The Open Data Institute (ODI), co-founded by the inventor of the web Sir Tim Berners-Lee, is to launch two of the first ever government-backed Data Trusts in the world, with the purpose of training AI systems underpinned by a specific legal structure.
A Data Trust is a legally defined collection of data, often derived from public or government-connected sources, and then used to train up machine learning AI systems in order to produce useful applications (see formal definition below).
The idea has been floated for some years as the best means of building really useful AI applications that can operate at city-level or national-level, that have been derived from very large, real-world data sets, e.g. how millions of people might use a certain public service.
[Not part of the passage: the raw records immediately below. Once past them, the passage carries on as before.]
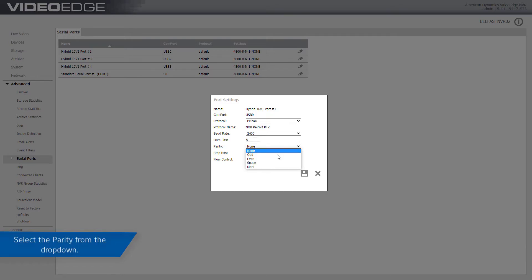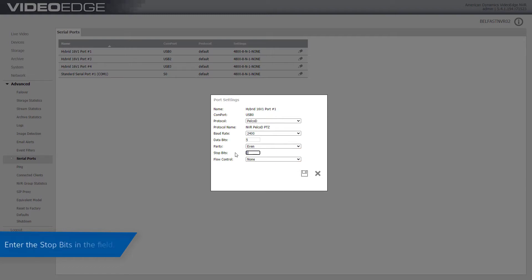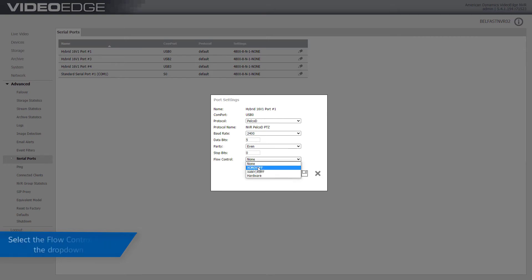Select a parity option from the drop down menu. Enter a value in the stop bits text box. Select a flow control option from the drop down list.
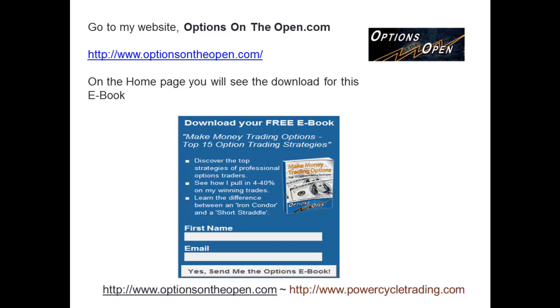Hi, this is Larry Gaines from Options on the Open. I hope you're enjoying your Memorial Day weekend. In this short video, I'm going to go over our Trades of the Week.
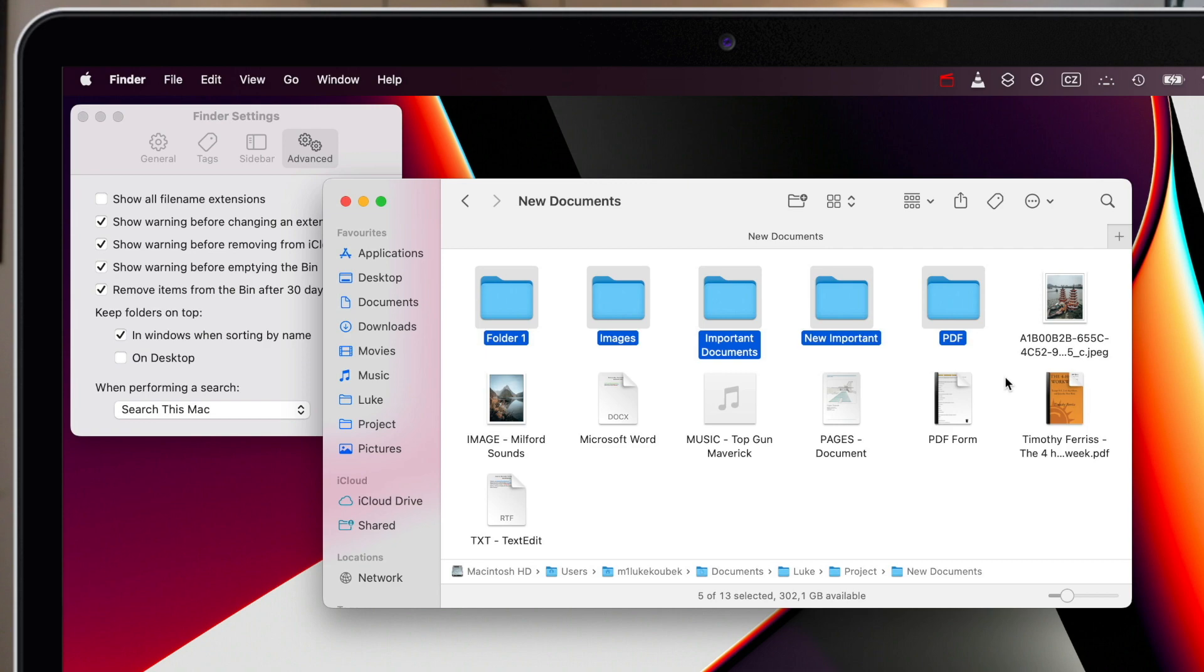However, when sorting by kind, the folders will not always appear on top of the directory. They will just be grouped together.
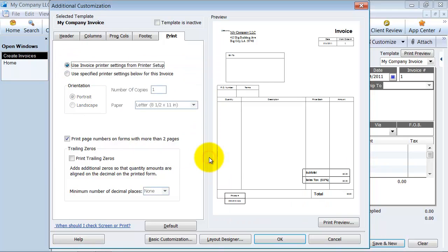So that's the additional customization. But now in the next video, we're going to talk about the layout designer. And that's where the real fun happens.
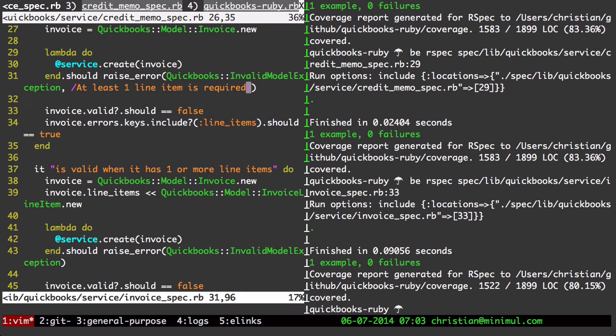You can search through other files where that error may be. And having always that output available statically to you helps eliminate that context switching, which, as developers, we're trying to reduce as much as possible to stay focused on our task.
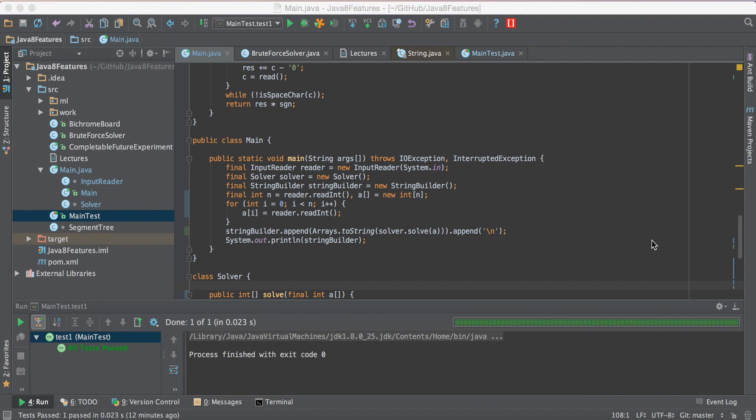Hey everyone, today we will be talking on test case generation for competitive programming and the very first question I would like to ask is, should we generate test cases for every problem?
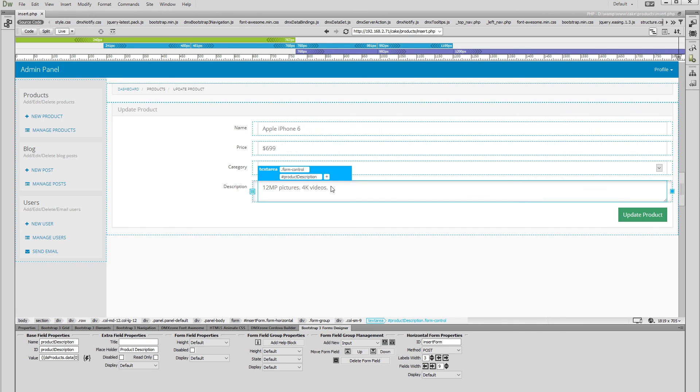That's how easy it is to assign dynamic values to your form fields using DMX Zone Bootstrap 3 Forms Designer.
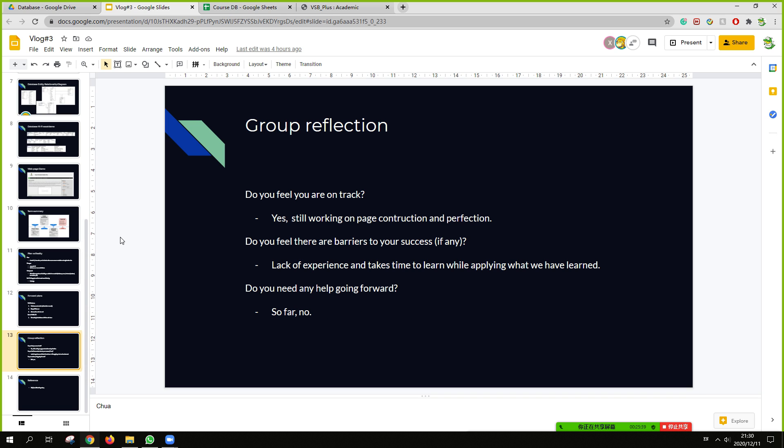So, for the group reflection. What did you feel we are on track? Yes. Still working on page construction and perfection. Do you feel there are barriers to your success? There is lack of experience and take time to learn by applying what we have learned.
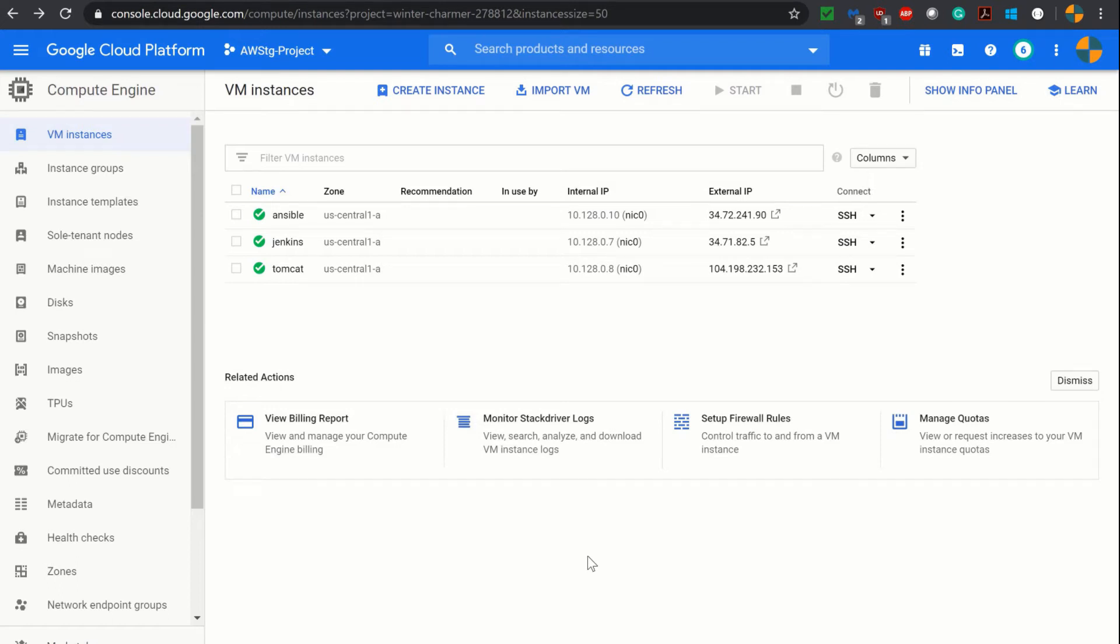Hi, welcome to AWS Tech Guide session. Today I will show you how to create a Jenkins job using Ansible to deploy one Spring Boot application in Tomcat server.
The problem has been that, understandably, public bodies and others have been uncertain about how to do this, or even if they should do this because of data privacy issues.
Data Trusts, which are legally constructed entities, are seen as the answer and help form a regulated bridge between the collected data and the AI companies (or other tech companies such as smart contract developers), while retaining public trust.
One of the planned Data Trust projects will involve the Mayor of London and the Royal Borough of Greenwich. London’s City Hall will be working with the ODI as part of its Smarter London Together Roadmap to support AI and protect ‘privacy by design’ for Londoners.
This Greenwich project will focus on ‘real time data from IoT devices and sensors, and will investigate how this data could be shared with innovators in the technology sector to create solutions to city challenges‘.
Some of data collected will cover: energy use, parking space occupancy and the impact of different weather patterns.
The UK’s Secretary of State for Digital, Culture, Media and Sport Jeremy Wright QC yesterday announced that the ODI will now lead two pilot projects in conjunction with the Government’s Office for Artificial Intelligence.
It wan’t totally clear what the second of the pilot Data Trusts will be, but the Government said that it may cover areas such as: data about cities, the environment, biodiversity, and transport.
Digital Secretary Jeremy Wright said: ‘We are a world-leader in artificial intelligence and our modern Industrial Strategy puts pioneering technologies at the heart of our plans to build a Britain which is fit for the future. But it is crucial that the public have confidence it is being used to improve people’s lives and we have the right expertise and framework in place to maximise its potential.’
‘I am pleased we have secured global leaders from academia and industry to work alongside us as we develop the world’s first Centre for Data Ethics and Innovation and explore the potential of data trusts,’ he added.
These appear to be very early steps, but many AI and scientific research companies are very interested in the potential to tap huge amounts of data at a national or citywide scale. One example that is often given is pouring the NHS’s data into a Data Trust (or series of Data Trusts) to help develop a wide range of AI-based applications that could help improve efficiency.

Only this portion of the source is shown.